Exercise brief
Your task is to retype, exactly and only, the lines from the one containing "Отель The Westin" to the final line of the entries, leaving out all pictures.

Data to process

_ _ _ _ _ _ _

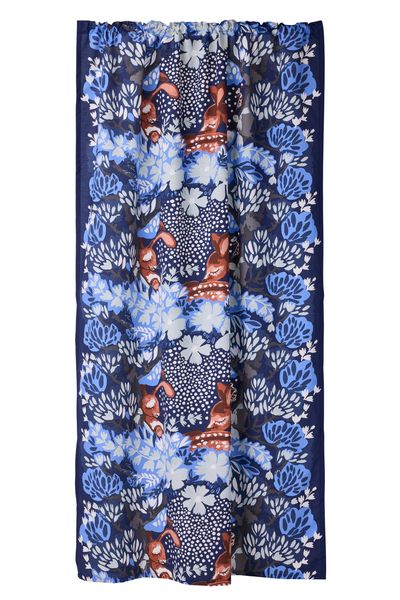 Vallila Nokosilla-verho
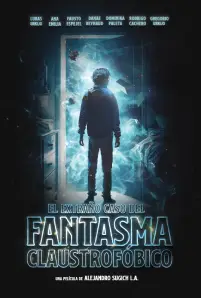 The Strange Case of a Claustrophobic Ghost (2023)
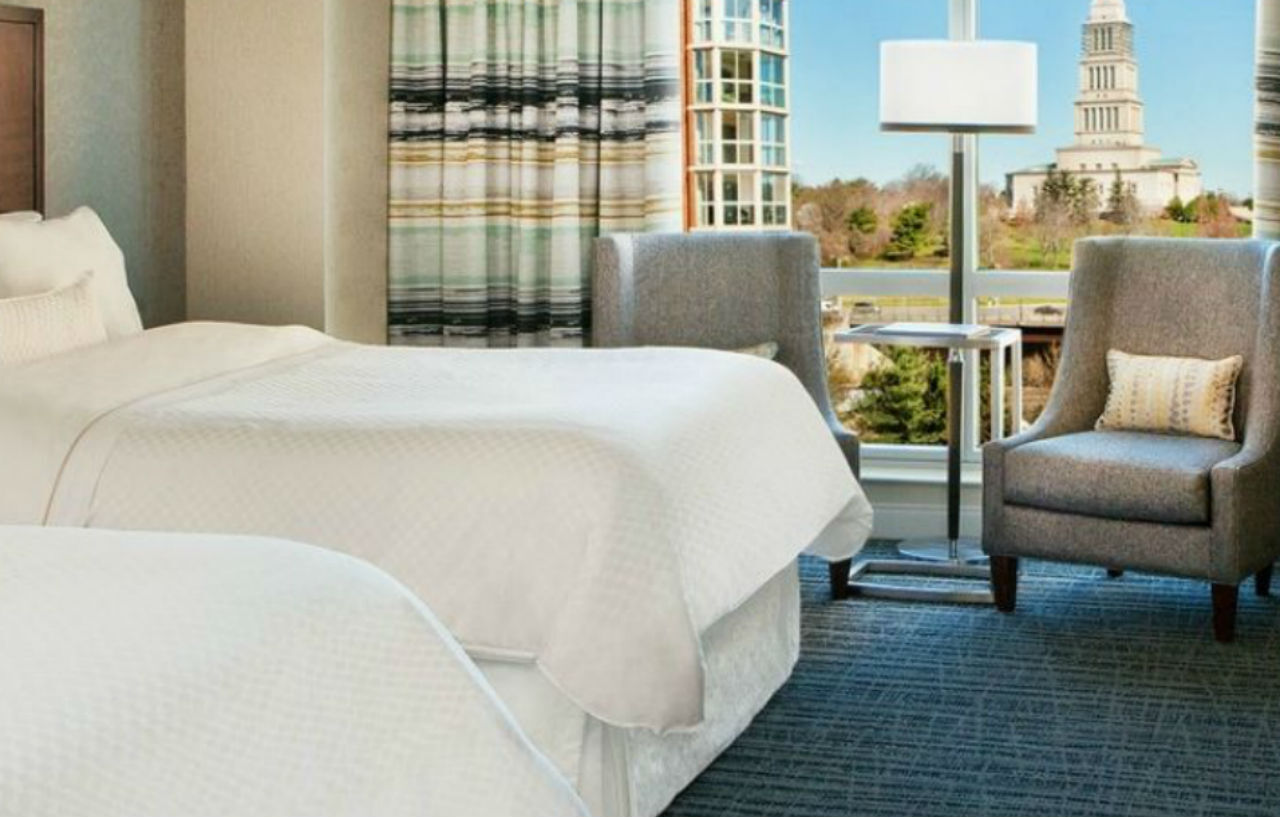 Отель The Westin Alexandria Old Town Экстерьер фото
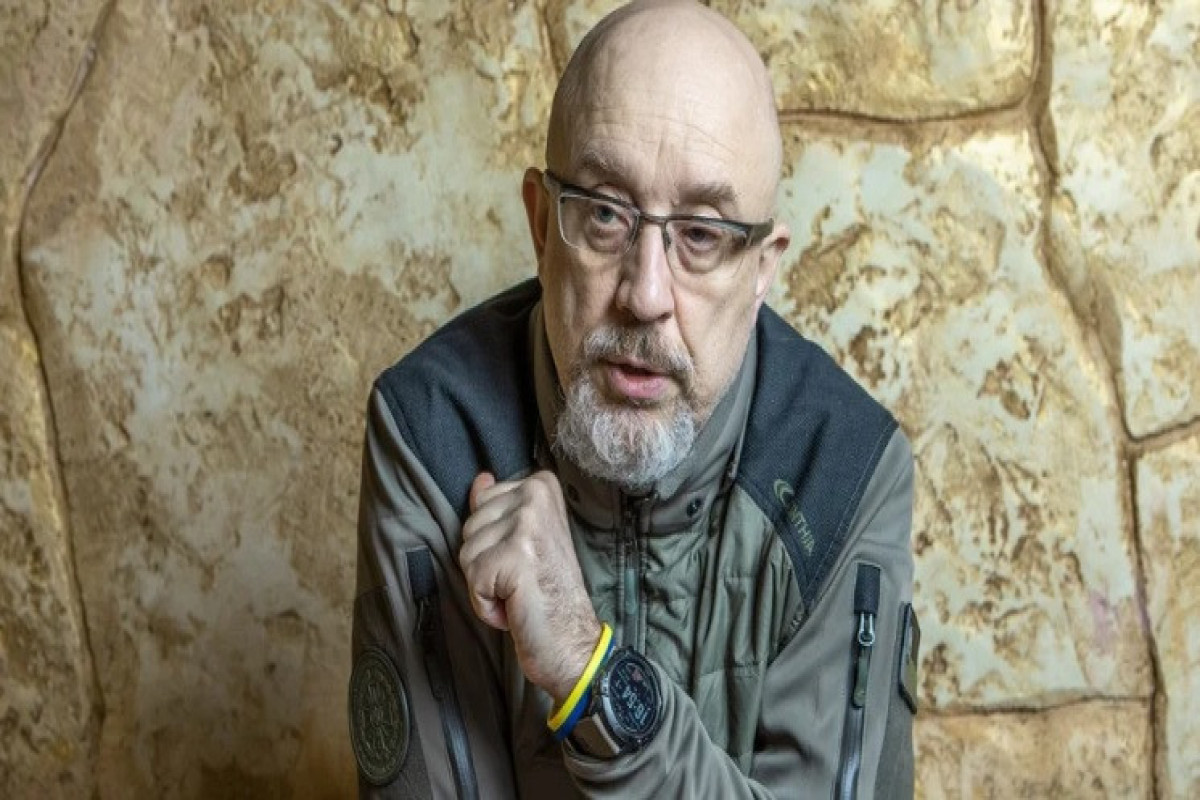 Aleksey Reznikov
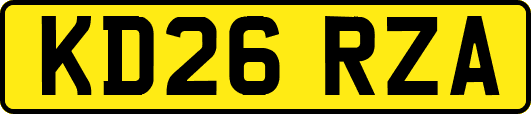 KD26RZA
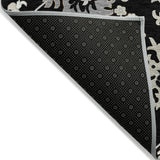 addison chantille acn1854 black rug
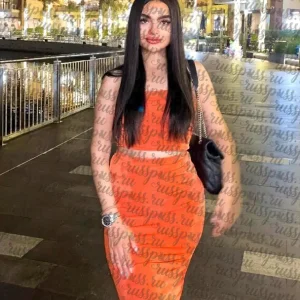 Фото 5 — Вика, 19 лет, 175 см, 65 кг, Москва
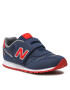 New Balance Sneakersy YZ373XF2 Tmavomodrá - Pepit.cz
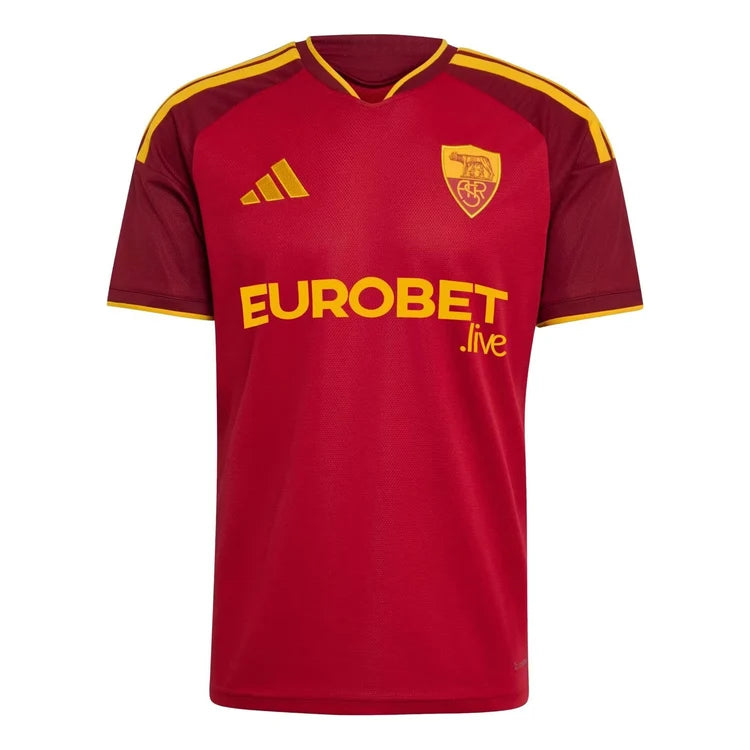 AS Roma 26/27 Home Jersey Fan Version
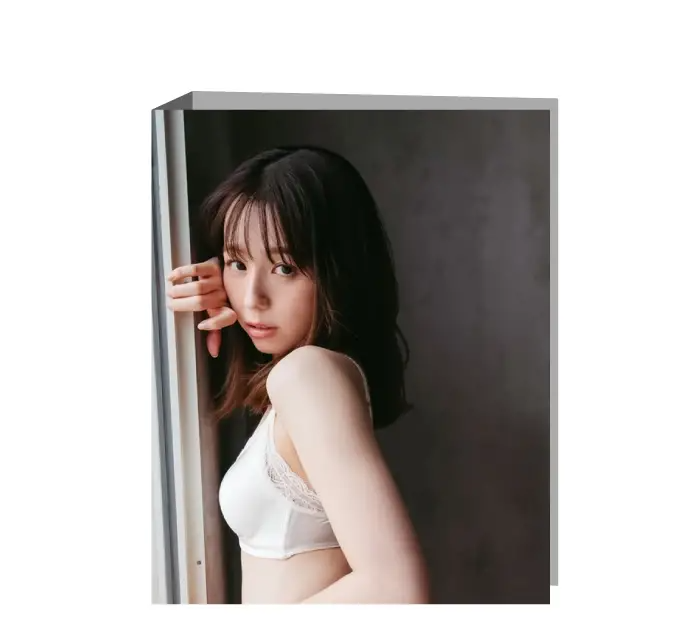 WooHoo Girls Series Vol. 19 Rina Koike -Essence- Binder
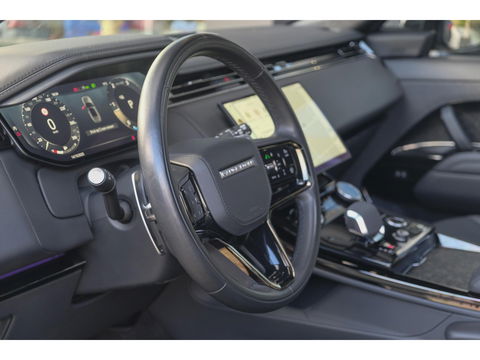 Land Rover Range Rover Sport D350 350pk Autobiography Panoramadak Massage Stoelkoeling Meridian 3d Trekhaak 23" LMV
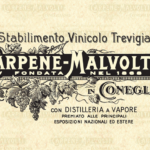 Conegliano Valdobbiadene Prosecco Superiore 1868 Brut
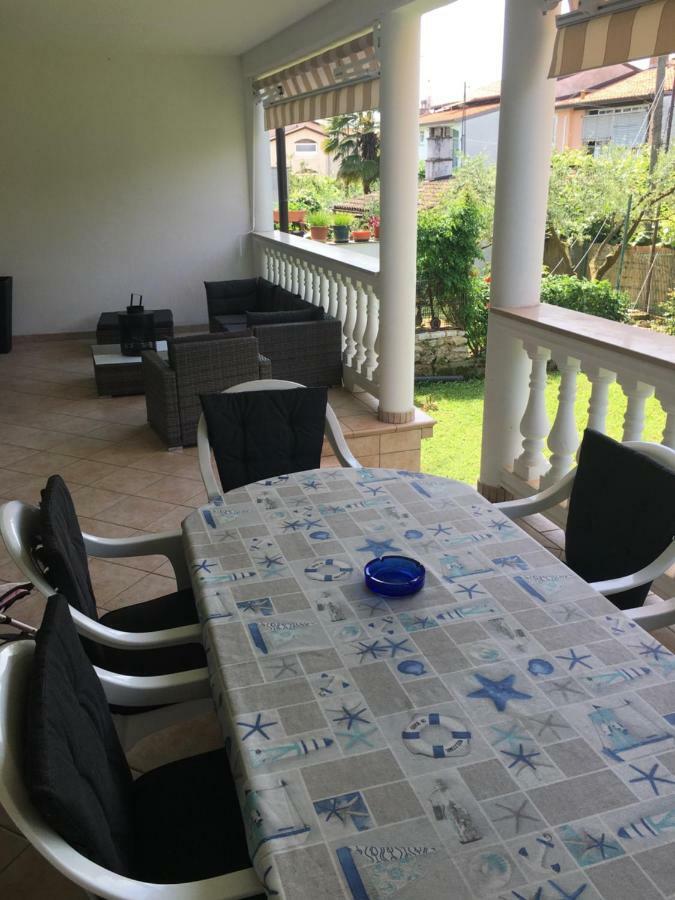 Apartman Mila Apartment Porec Luaran gambar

_ _ _ _ _ _ _

Solution
 Отель The Westin Alexandria Old Town Экстерьер фото
 Aleksey Reznikov
 KD26RZA
 addison chantille acn1854 black rug
 Фото 5 — Вика, 19 лет, 175 см, 65 кг, Москва
 New Balance Sneakersy YZ373XF2 Tmavomodrá - Pepit.cz
 AS Roma 26/27 Home Jersey Fan Version
 WooHoo Girls Series Vol. 19 Rina Koike -Essence- Binder
 Land Rover Range Rover Sport D350 350pk Autobiography Panoramadak Massage Stoelkoeling Meridian 3d Trekhaak 23" LMV
 Conegliano Valdobbiadene Prosecco Superiore 1868 Brut
 Apartman Mila Apartment Porec Luaran gambar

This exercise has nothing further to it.